By: Sean Valle

A Board Meeting is a formal meeting of the Board of Directors of a corporation and any invited guests or observers. These meetings are essential gatherings of the Directors, at which officers present updates about company progress and Directors discuss key issues and challenges, review performance, consider policy issues, and address major problems. Additionally, at Board meetings, Directors vote on important business matters and approve high-level corporate action. These meetings are usually presided over by a chairperson of the organization (often the CEO). The finalized and approved record for a Board meeting is called the minutes, a legal document published according to the rules governing that Board’s operations.

If your company has one or more Directors who represent investors, Board meetings are also a useful way to keep those investors up to date and maintain strong relationships. Officers can ensure the investor Director understands the corporation’s financial needs and growth projections. Additionally, Directors may have strategic connections that can help advance the corporation’s business initiatives.

Board Meeting Best Practices

Each state has its own requirements for Board meetings. Delaware General Corporation Law (DGCL) has flexible requirements. For example, in Delaware:

  • there is no prior notice requirement for calling a Board meeting;
  • the minimum number of directors for a quorum is one-third of the directors;
  • actions by the Board require a simple majority vote of the directors at a meeting with a proper quorum;
  • Board meetings may be held telephonically if all participants can hear and be heard; and
  • meetings need not be held in the State of Delaware.

A corporation’s Bylaws may require additional procedures or requirements on the number, frequency, and mechanics of Board meetings. In general, it is best practice to hold meetings at least quarterly, including one annual meeting to review and discuss more substantial goals and targets. It is also common to notify Directors about a Board meeting several weeks prior to the meeting (although the Bylaws may only require notice at least 24 hours prior). Meetings can often be called by either the Chief Executive Officer or by the number of directors that would constitute a quorum. So, for example, if a company has a seven-member Board, the CEO can send an email to all seven directors 24 hours before the proposed meeting, and if three Directors join the meeting, affirmative votes from only two of those directors at the meeting are needed to take any proposed action at the meeting.

Written Consents Versus Formal Board Meetings

Board meetings allow companies to review and approve matters requiring the Board’s consent in a consolidated manner and at one time.

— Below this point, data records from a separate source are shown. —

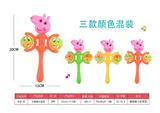 OBL10028179 - 卡通猪头摇铃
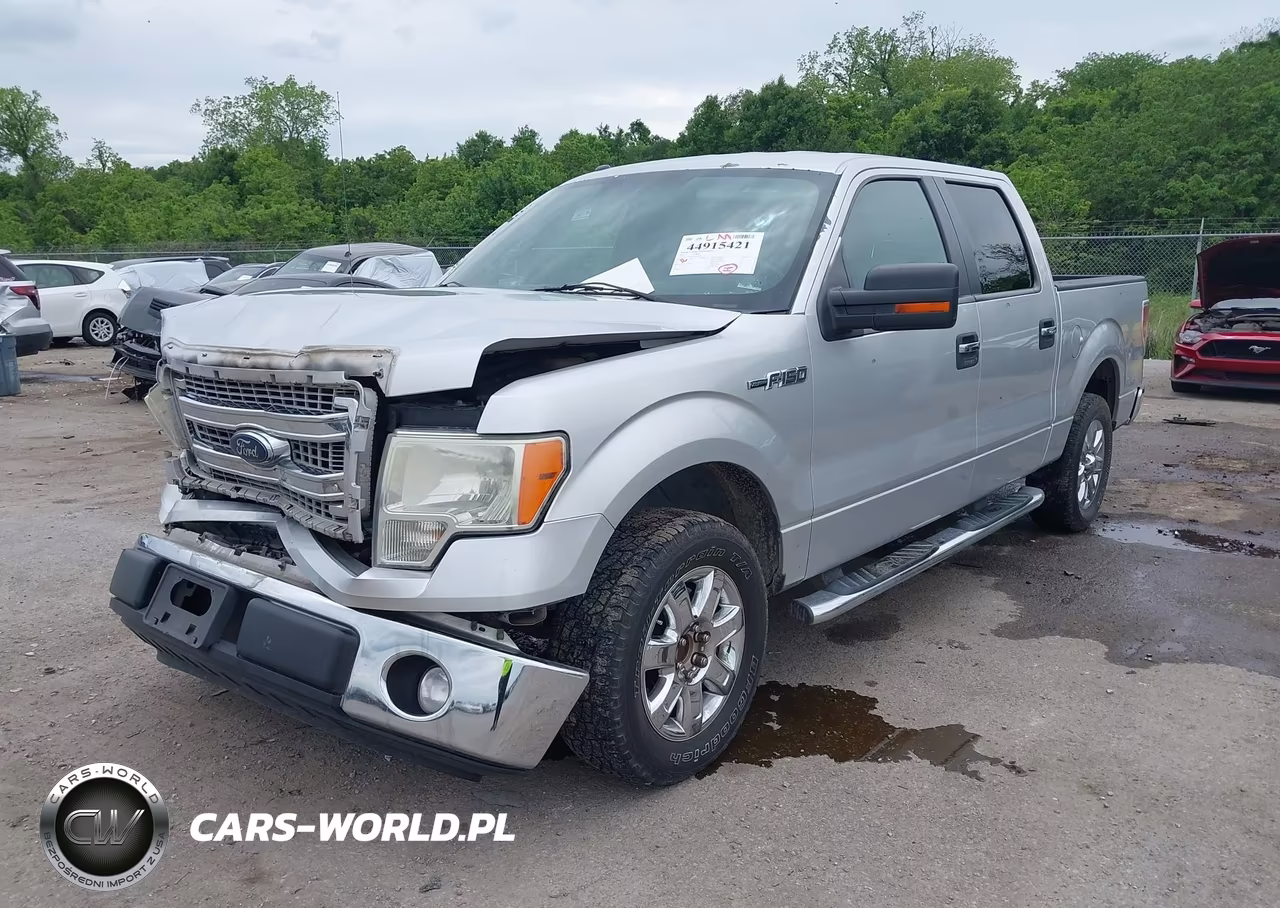 2014 Ford F-150 Xlt VIN:1FTFW1CF5EFA66904 - 2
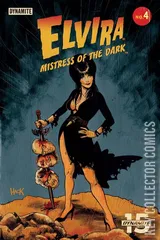 Variant Cover for Elvira: Mistress of the Dark #4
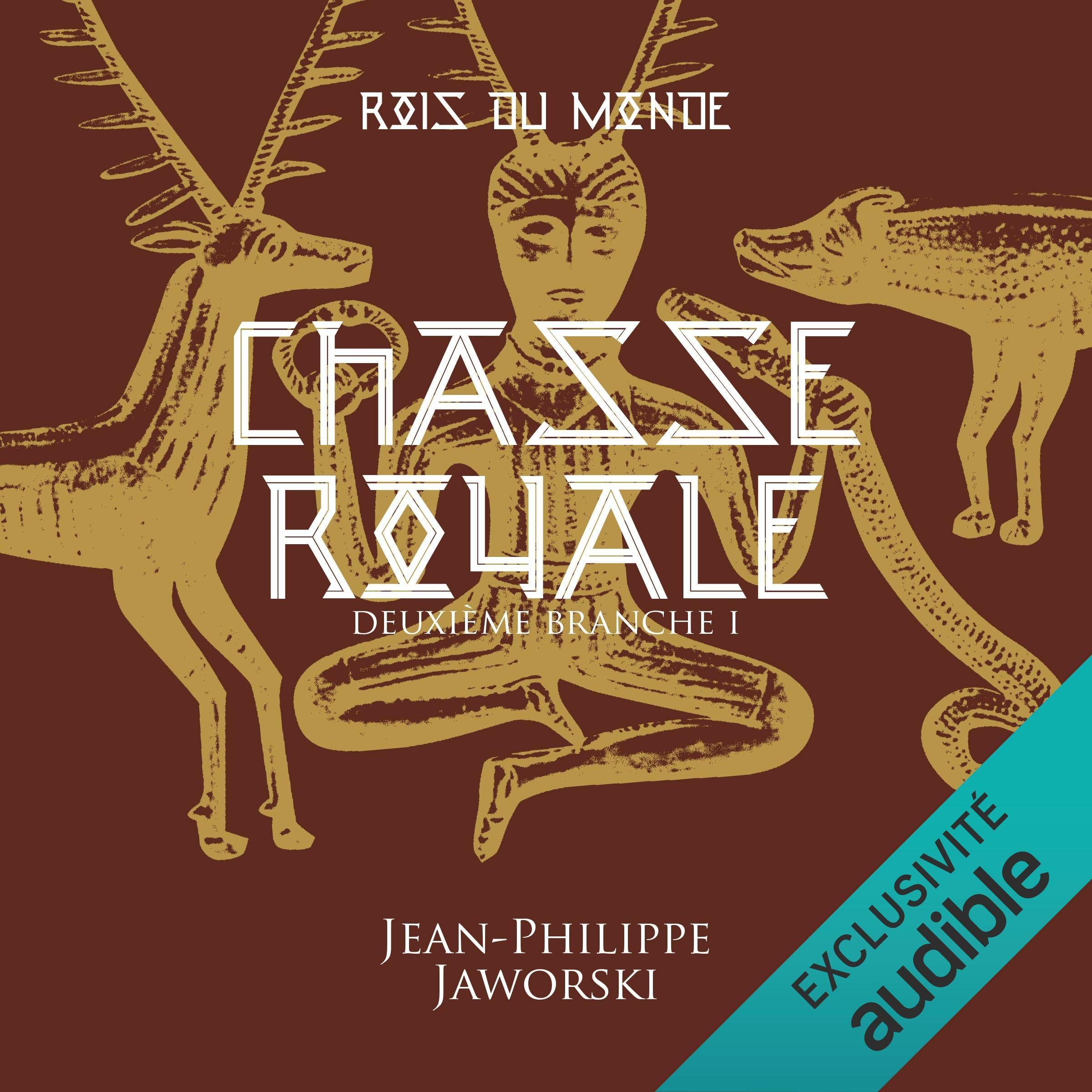 Cover art for Chasse royale. Deuxième branche 1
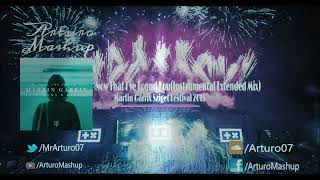 Martin Garrix - Now That L've Found You (instrumental)
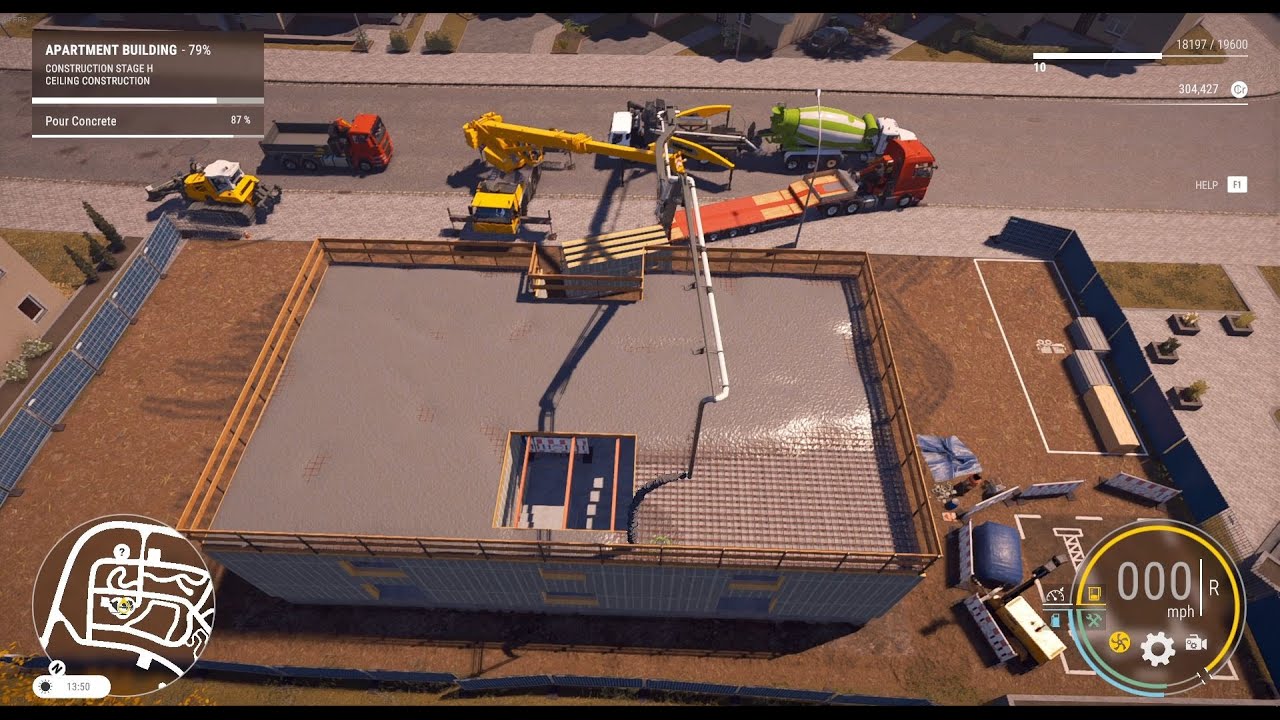 Construction Simulator 2022 (Apaptment Building) PC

However, they’re not always the best avenue to decide certain issues. Company Bylaws often authorize the Board to approve business action items through written consent. Written consents are useful (1) in the earlier stages of a corporation, when the Board is small and may not need to host formal Board meetings, (2) to approve urgent or routine business matters that might not warrant a formal Board meeting or (3) if the Directors cannot otherwise align schedules. Unlike consents effected at a formal Board meeting, however, written consents must be unanimous. This means that a corporation must corral signatures from all Board members on a formal written consent fully detailing the items approved by the Directors.

In any situation involving controversy or a potentially divided Board, best practices suggest holding a meeting instead of using a written consent, both to provide for greater discussion of the issues and to mitigate against the risks of one or more directors failing to sign the written consent. In addition, a meeting provides a chance for management to go on the record with its support of a particular action, since management’s participation in a meeting would be reflected in the minutes. Finally, remember that fostering strong relationships between management and Directors at Board meetings is essential to the success of the business. Even if the Board only needs to address routine action items, it may be worthwhile to schedule a formal Board meeting to provide opportunities for productive engagement between the management and the Board.

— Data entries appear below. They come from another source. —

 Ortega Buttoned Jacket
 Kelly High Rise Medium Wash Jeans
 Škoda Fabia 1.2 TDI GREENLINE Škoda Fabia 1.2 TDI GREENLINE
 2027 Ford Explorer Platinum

Whether your Board approves action at a Board meeting or via written consent, it is worth clearly and thoroughly documenting approved items in some form of written resolution to provide evidence to third parties doing due diligence (such as future potential investors) that a company’s Board appropriately supported a corporate action.

Get Help Running Effective Board Meetings

To help ensure that your Board meetings run smoothly, Fourscore is pleased to offer legal services that will help you organize and facilitate effective meetings. Read more about our Board Meeting Subscription Services, and talk to a Fourscore attorney for more information.

Headquartered in the Research Triangle region of North Carolina, Fourscore Business Law serves entrepreneurs and businesses in the Triangle, throughout the Southeast and in Silicon Valley / San Francisco. We also represent venture capital funds and other investors who invest in companies throughout the U.S. The idea of delivering maximum impact in a simple and succinct manner is what we’re calling the Fourscore Principle. And that is what Fourscore Business Law is based on. Our clients operate in a broad range of industries including tech, IoT, consumer products, B2B services and more. Questions? Shoot us an email or give us a call at (919) 307-5356. Your first call is on us.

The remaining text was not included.